In sostanza, in acqua termale, sotto gli effetti della pressione idrostatica, le vene ingrossate spariscono. La patologia resta cronica, ma dopo due ore immersi (meglio ancora camminando nell’acqua) il diametro delle vene si riduce sino a 2 cm, così come l’esplosione ramificata sulle gambe, e l’ingrossamento sparisce.

Un risultato importante per la quotidianità del paziente, in quanto offre un’opportunità di terapia sicuramente migliore del sottoporsi, ad esempio, a sedute di linfodrenaggio.

La varice poi si ripropone, ma intanto l’intuizione è stata verificata e da oggi in avanti si aprono nuovi e rivoluzionari scenari di cura negli stabilimenti termali del territorio di Abano e Montegrotto Terme.

Immersi in acqua termale le vene_ingrossate spariscono Blog AbanoMed Abano Terme - Blog AbanoMed Abano Terme

Riabilitare il paziente flebopatico e linfopatico con l’acqua termale ora è realtà!

L’anno scorso dopo Phlebosophy abbiamo provato a fare analisi con l’acqua” racconta il professor Kontothanassis. “Cosa cambiava nell’acqua a 33°? Si riduceva il diametro delle vene, tanto che a un certo punto (due ore ndr) ai malati non si riusciva più a fissare la vena varicosa. L’acqua fa collassare il sistema. Le vene non hanno più reflusso, da dilatate e tortuose, tornano normali. Si riesce a migliorarne il drenaggio, l’eccesso di liquido viene eliminato.

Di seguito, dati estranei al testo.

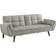 Coaster Biscuit-tufted Bed Grey Sofa 83.5" 3 Seater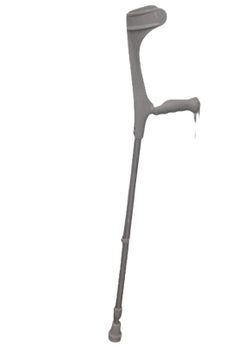 Muleta ergonòmica d'alumini resistente a 140 kg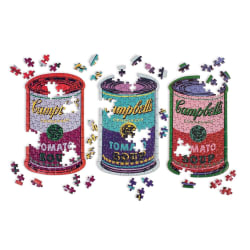 Andy Warhol Soup Cans Set of 3 Shaped Puzzles in Tins Nostalgic & Retro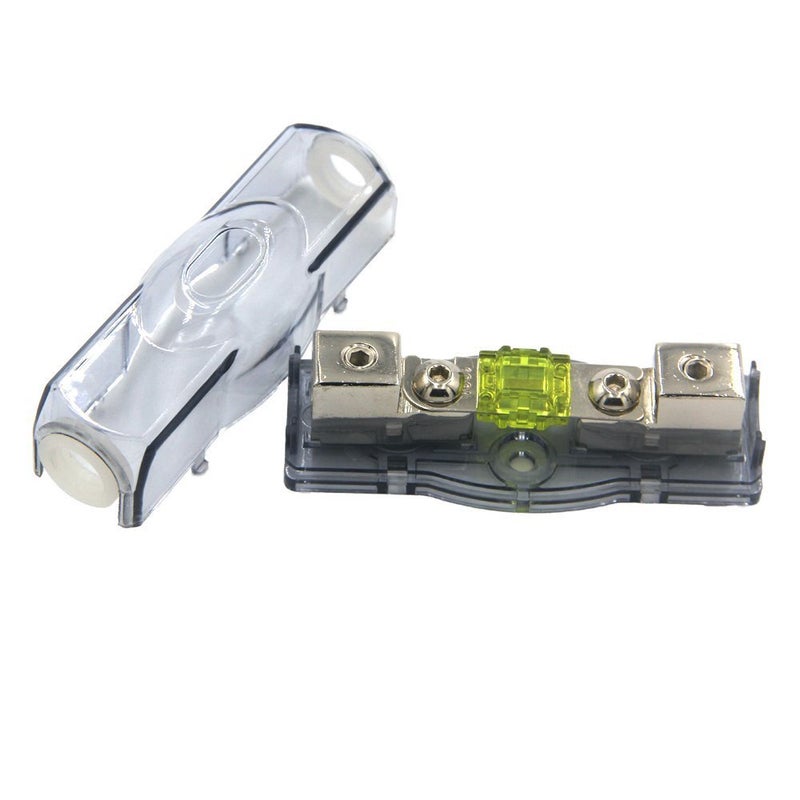 Generic ZOOKOTO 100A Car Audio Power Wire Fuse Holder, Car Boat Marine Auto manlFuse Box Fuse Block 4 Gauge 100 Amp  - Image 1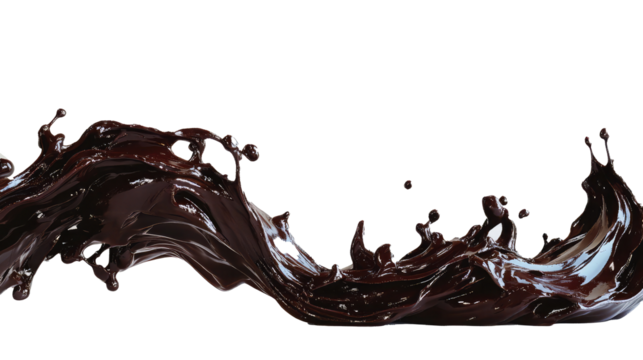 Liquid chocolate splashing, Chocolate or Cocoa splash, Chocolate day, 7 july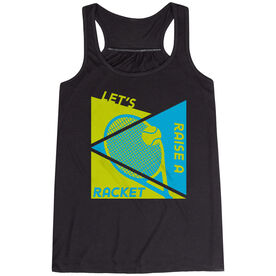 Tennis Flowy Racerback Tank Top - Let's Raise A Racket
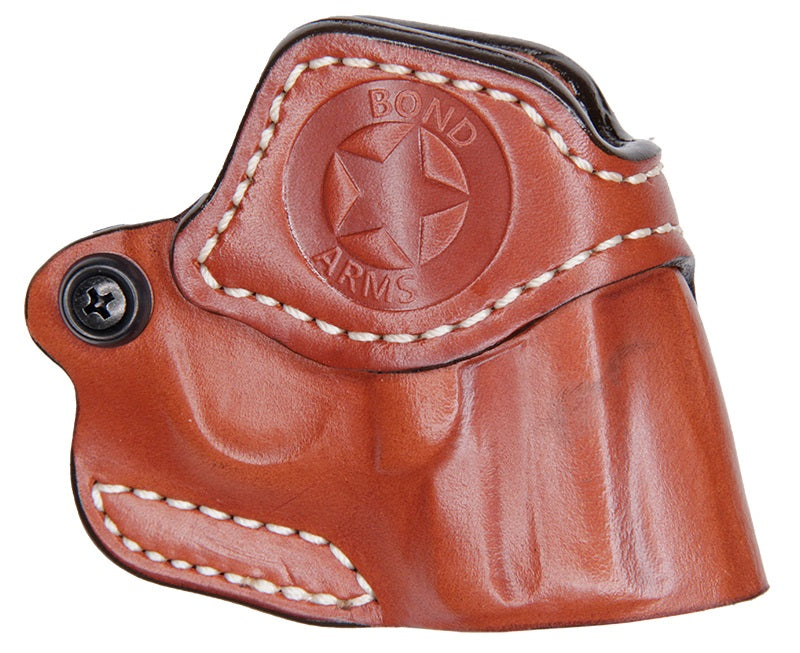 Leather Cross Draw Holster Fits 3" Barrel Guns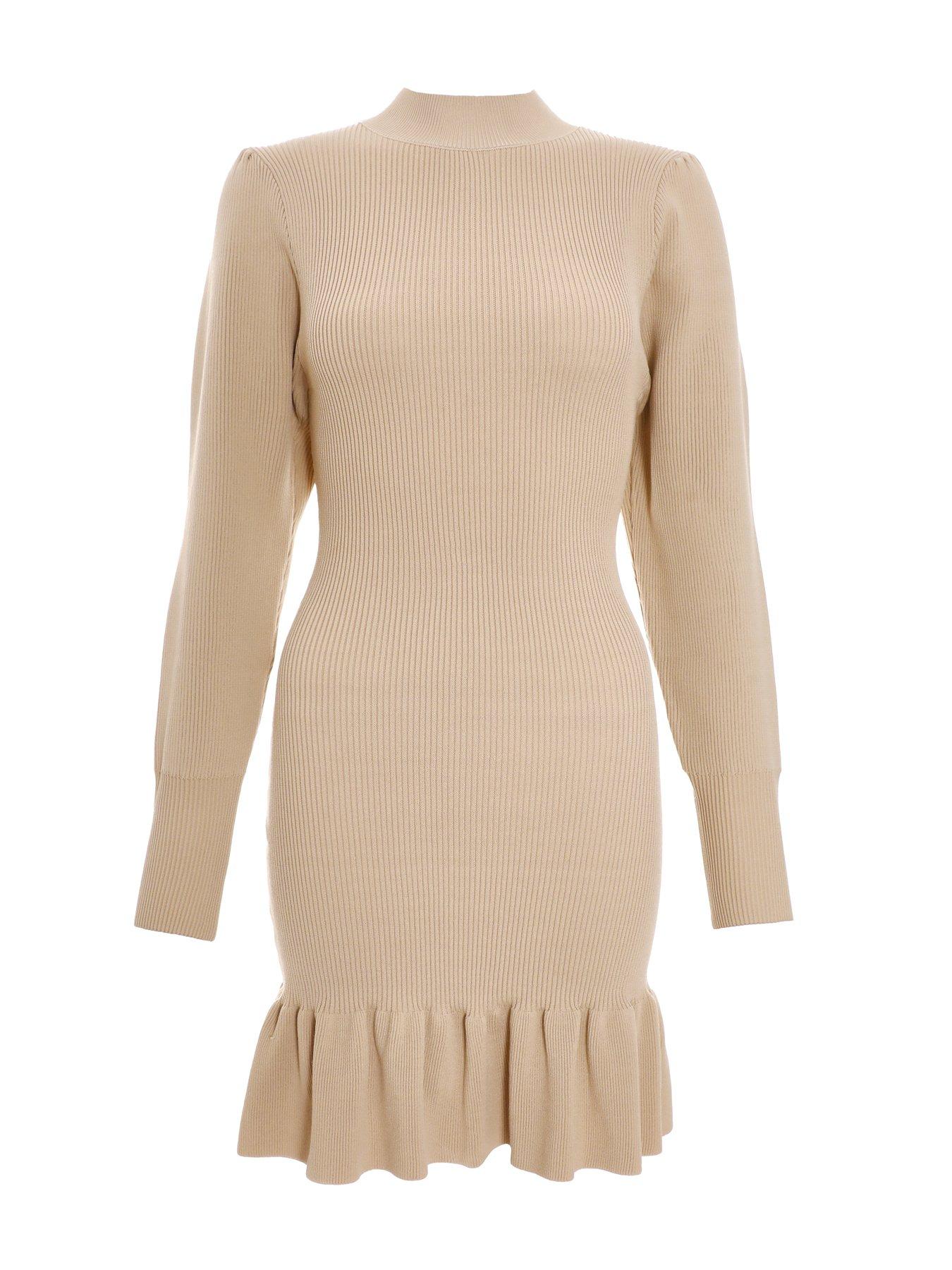 Frill hem hot sale jumper dress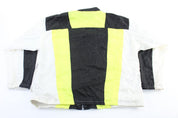 90's Nike International Embroidered Black, White, & Neon Zip Up Jacket - Jackets - Thrifted Threads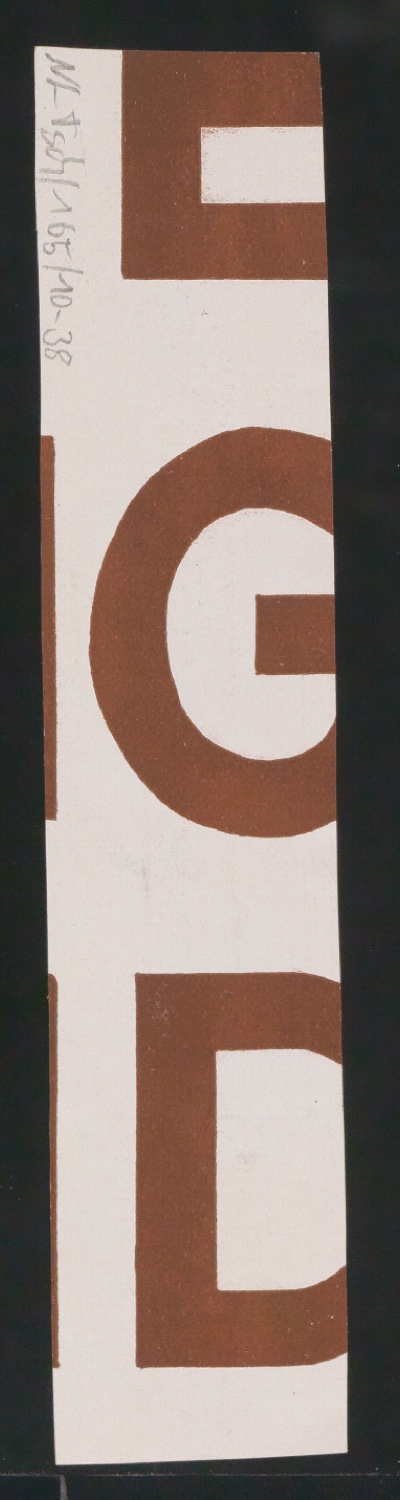Mappe mit Entwurfszeichnungen Uhertype Standard-Grotesk Halbfett, erledigte Skizzen (ungültige) — Blatt 82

Il risultato? “Invece di fare un linfodrenaggio si sta in piscina e, una volta usciti, si passano ore senza infiammazione“.

E se l’acqua fosse fredda? “Abbiamo valutato che il fenomeno a cui vanno incontro le vene è la vasodilatazione da freddo anziché la vasocostrizione come si pensava una volta. Ciò non vuol dire che i fanghi termali facciano bene alle varici perché sarebbe un errore, ma l’acqua termale e la compressione idrostatica sì“.

Lo studio, da marzo 2017, quando si è concluso, ha cominciato a “viaggiare” e, in meno di 6 mesi, si è fatto conoscere attraverso 4 pubblicazioni su riviste scientifiche (“Effect of underwater compression on leg venous diameters and calf volume“) e 8 simposi internazionali: l’European Cardiovascular Society a Strasburgo, Venous Symposium a New York, Uip in Australia, European venous forum ad Atene, International Union of Angiology a Pechino.

In questi e in molti altri posti è stata invitata l’equipe medica dell’Underwater Compression Group creata ad Abano e che fra un mese sarà a Londra alla Royal Society of Medicine.

Che le terme facciano bene la gente lo sa, in Francia vengono consigliate senza averne mai documentato l’effetto. Sinora si è andati a caccia dei batteri nell’acqua, non degli effetti fisici della stessa sul corpo. Abbiamo verificato. Si rischiava il cosiddetto buco nell’acqua, ma stavolta no…“.

Noi tutti di AbanoMed siamo onorati ed orgogliosi di condividere questo successo e fiduciosi negli sviluppi e nelle tante opportunità che potrà offrire in futuro.